I’m not making a great clarion call for change, or harking back, misty eyed, to a simpler, happier time. Quite the opposite. Football right now is brilliant, despite the best efforts of FIFA, and although I miss the prices, the connection with the players and the availability of Bovril of days gone by, I’m largely happy with the way things are. We have a global game, and as Gooners we get to support an international multicultural team in one of the world’s top three global cities, with players of extraordinary athletic and technical quality.
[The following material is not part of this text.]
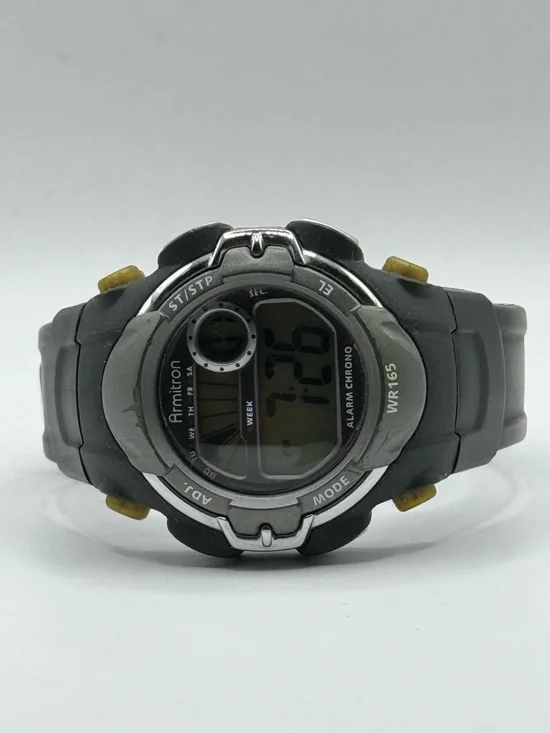 Armitron Men Watch Gray Black Rubber Chro Month Day Date WR165 (New Battery)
I’m just saying we should remember to take time to appreciate it and remind ourselves that our club and our team is special. In the late 1920’s and 1930’s, this club cemented its positional globally as THE Arsenal. Right now, even though we can’t quite guarantee a seat at the very top table in Europe, the Wenger years (with a little help from those who preceded him) have helped our fine old club regain some of that definite article.
We’ve just won the FA Cup for a record 12th time playing wonderfully on the big stage. In a world where we are now always instantly looking for the next thing, let’s slow things down, bask in that warm glow a little longer, and enjoy the beautiful football that The Arsenal, our Arsenal, play.
After all, we could just be stuck watching England…
Why not bask in that cup final glow again?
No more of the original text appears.